A restaurant owner and outdoor recreation entrepreneur, Polstein, 47, has been a councilor for nine years. He plans to move to Hammond Ridge, the site of his proposed resort outside town lines. Polstein’s decision didn’t surprise Chairman Wallace Paul, who predicted other councilors would decline to run again.

“With the bite he has taken on Hammond Ridge, that is going to be a massive undertaking,” Paul said Friday. “I am actually surprised he has held on as long as he has with the council and probably most things.”

The council will miss Polstein’s knowledge of business, particularly insurance, contracts and budgeting, Paul said.

Voluble and sometimes controversial, Polstein has been targeted by a continuous barrage of criticism from residents whose campaign has spanned the Internet – with unflattering portrayals of him on youtube.com taken from council videos, and written accounts on several smaller sites – local radio and, occasionally, print media.
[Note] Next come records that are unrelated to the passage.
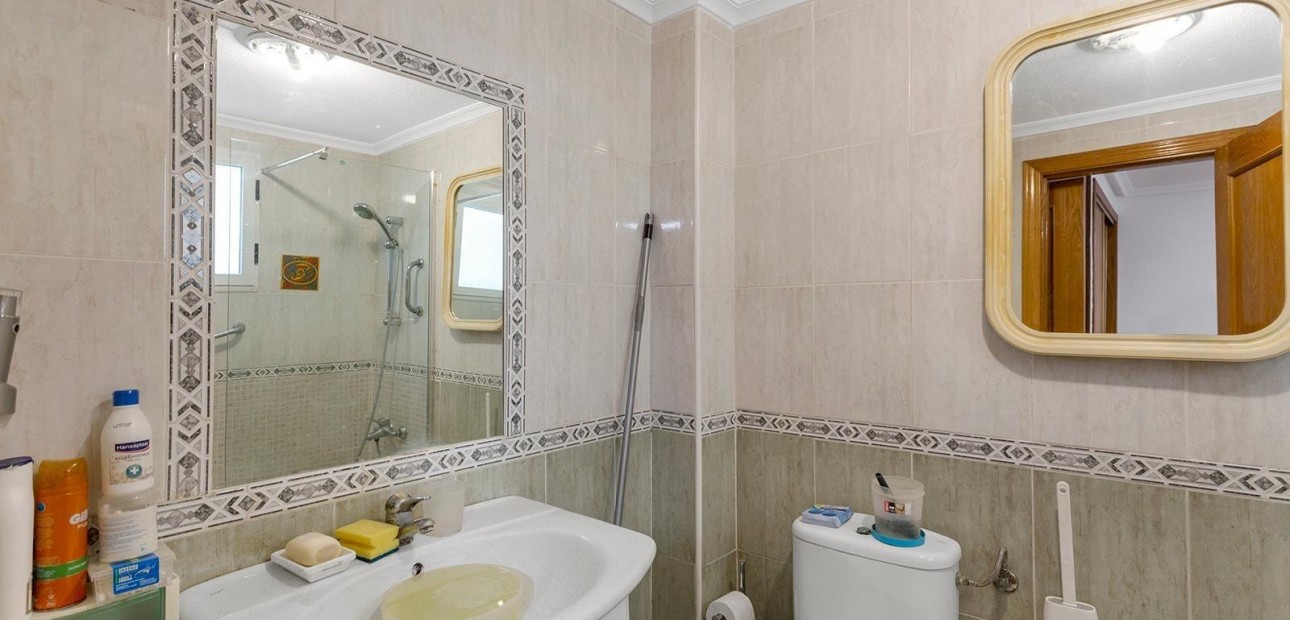 Herverkoop - Appartement / flat -
Torrevieja - Playa de los locos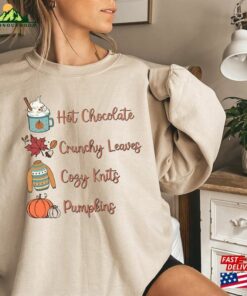 Hot Chocolate Crunchy Leaves Cozy Knits Pumpkins Sweatshirt 2023 Happy Thanksgiving Shirt Retro Hoodie T-Shirt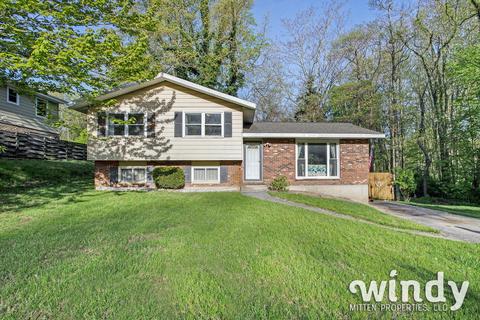 5292 Oak St, Coloma, MI 49038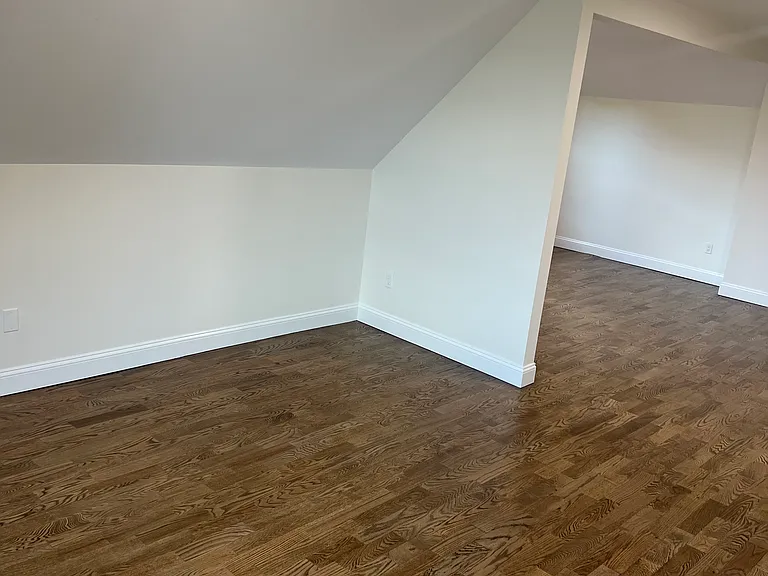 470 Howard Ave #3 — Photo 9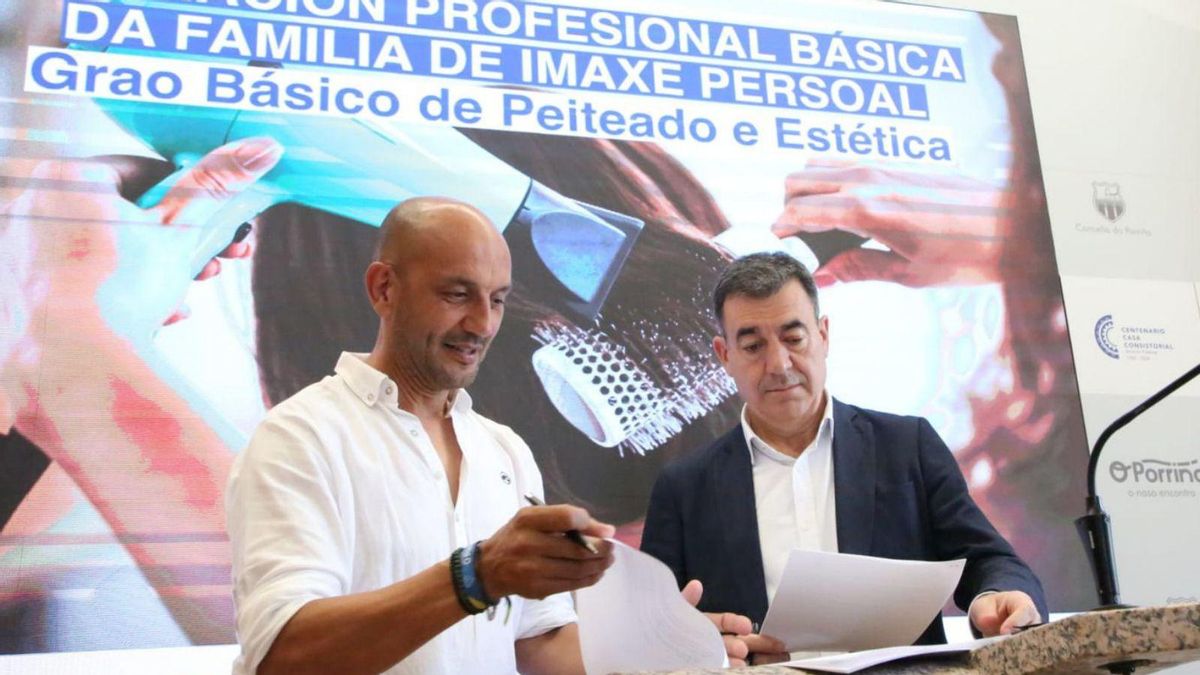 Alejandro Lorenzo y Román Rodríguez firman el convenio de colaboración, ayer.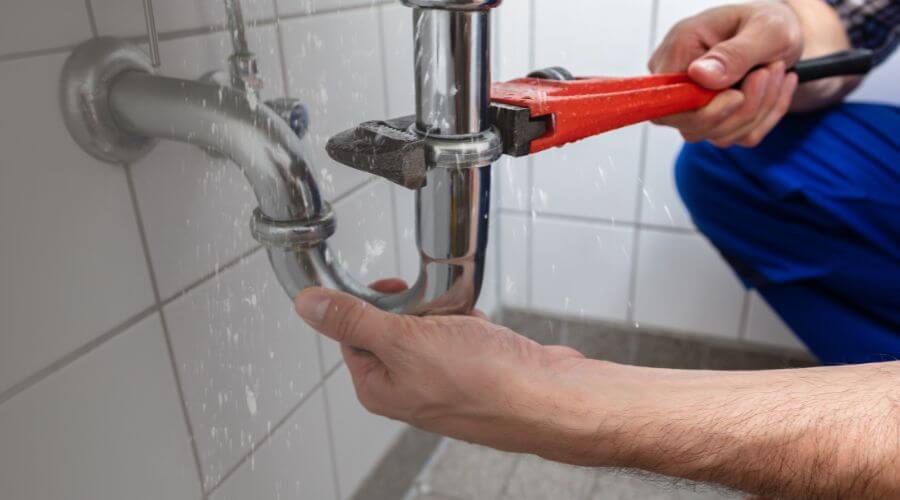 Local expert plumbing services in Santa Anna, TX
They, and others, have criticized Polstein for his pro-environmental, pro-tourism stances, and for his occasional hardball political tactics and scathing broadsides on his political opponents. Some criticism has been brutal, but none has stopped him from being re-elected by large margins.

But since early 2007, the criticism and Polstein’s council activism have dwindled. He has gone from a majority to minority council member, largely mellowed – as has the council itself – and has found himself absorbed by the resort.

“I think that in the past year we have pulled together in a fairly cohesive and effective group,” Paul said of the council. “Everybody has contributed very well and you’re seeing people working together that might have surprised you to see working together three years ago.”

As approved by the Land Use Regulation Commission and other agencies, the Ktaadn Resorts plan includes the addition or remodeling of 11 buildings at his existing Twin Pines Camps and a residential and mixed-use subdivision of more than 25 residential lots and close to a dozen mixed-use town houses on 1,450 acres of Township 1 Range 8 along Millinocket Lake and Hammond Ridge.

Polstein has estimated it would create at least 100 full-time jobs and spur at least 60,000 visitor-days in the Katahdin region, meaning 17,000 tourists would visit his resort for about 31/2 days each. Polstein is awaiting a building permit for Twin Pines and has yet to raise the $65 million.

“I think my resort work will do more for the community than I could do banging my head against the wall as a councilor,” Polstein said, admitting to frustration at being in the minority. “My entrepreneurial spirit can be better applied to my business than to the government of this town.”